Después de obtener la independencia en 1956, Sudán pasó medio siglo (con una breve pausa) en un estado de guerra civil entre el norte del país, poblado por musulmanes árabes, y el sur, con su población cristiana no árabe. En 2005, las partes lograron sentarse a la mesa de negociaciones y poner fin al derramamiento de sangre, tras lo cual se envió al país una fuerza de mantenimiento de la paz de las Naciones Unidas.

Rusia estuvo representada por funcionarios del Ministerio del Interior, un grupo de cuatro helicópteros Mi-8 y 120 personas.
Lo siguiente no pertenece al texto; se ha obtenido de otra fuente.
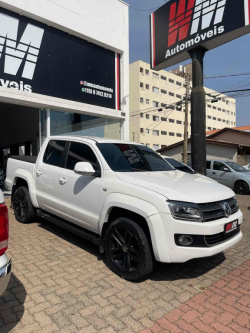 VOLKSWAGEN Amarok 2.0 16V 4X4 CABINE DUPLA HIGHLINE TURBO INTERCOOLER AUTOMTICO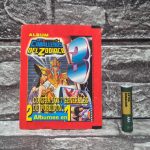 Sobre original del Álbum caballeros del zodiaco 3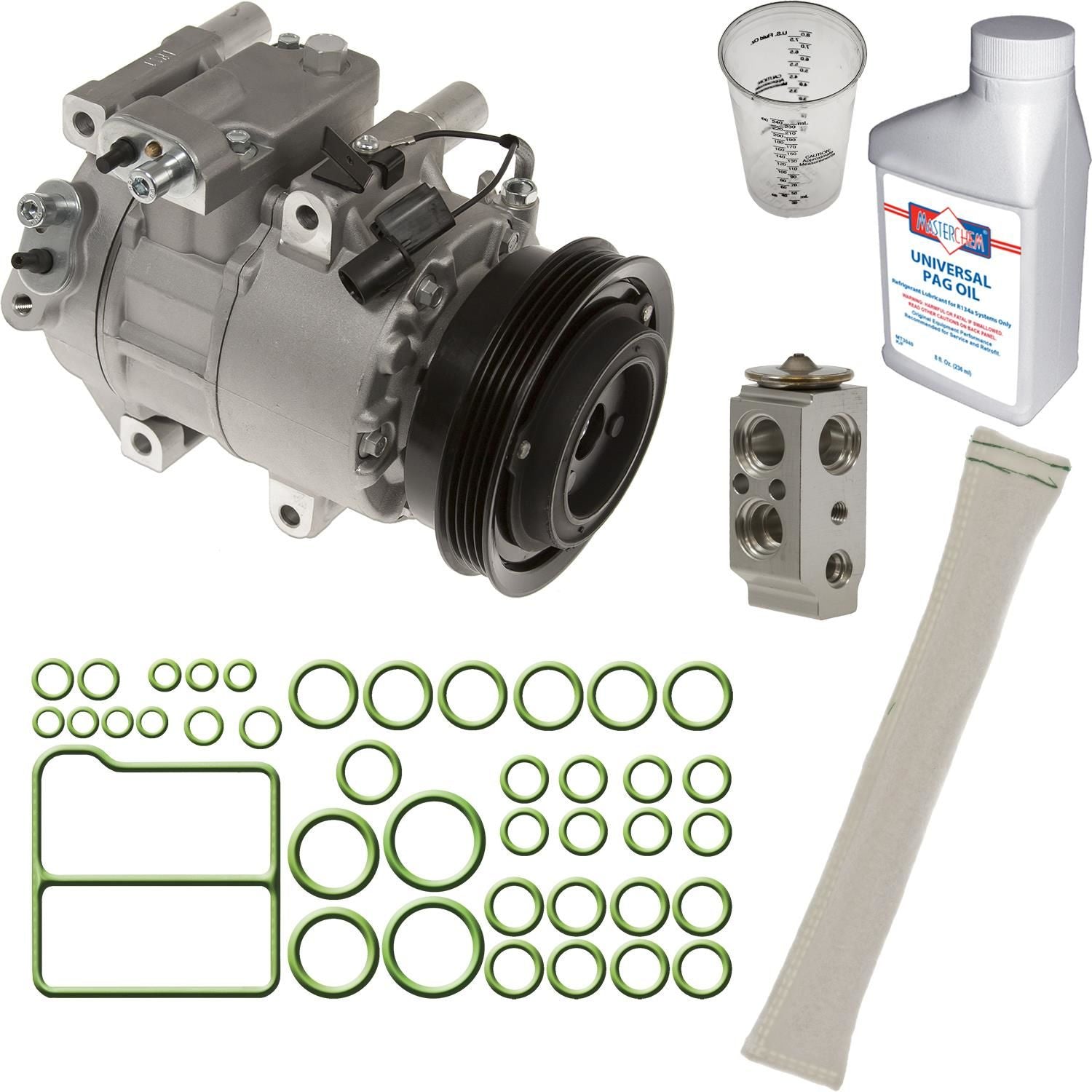 Santech A/C Compressor Kit P96-40371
Poco después de que el Sudán del Sur fuera reconocido internacionalmente como un Estado independiente, las fuerzas de mantenimiento de la paz se retiraron de la región.

Chad y República Centroafricana (2008-2010) 

De 2008 a 2010, un grupo de aviación ruso (cuatro helicópteros Mi-8) participó en una misión de mantenimiento de la paz en el Chad y la República Centroafricana. Los países estuvieron a punto de sufrir un desastre humanitario. El personal de mantenimiento de la paz ruso transportó cargas y personal de las Naciones Unidas, realizó evacuaciones, efectuó vuelos de búsqueda y rescate y de observación y prestó asistencia a los más de 500.000 refugiados de la región.

Nagorno-Karabaj (2020)

Uno de los conflictos más violentos y prolongados en el territorio de la antigua Unión Soviética, es el enfrentamiento entre Armenia y Azerbaiyán por el control de Nagorno-Karabaj. En septiembre de este año ha vuelto a intensificarse. Tras varios meses de feroces combates, las partes, con la mediación de Rusia, lograron acordar un cese de las hostilidades a partir del 10 de noviembre.

En virtud del acuerdo, un contingente ruso de mantenimiento de la paz de 1.960 efectivos con 90 vehículos blindados de transporte de tropas, así como vehículos automotores y especiales, se desplegará a lo largo de la línea de contacto en Nagorno-Karabaj y a lo largo del corredor de Lachin. El personal de mantenimiento de la paz se desplegará en la región por un período de cinco años. La duración de su estancia se prorrogará automáticamente a menos que alguna de las partes declare su intención de poner fin al acuerdo.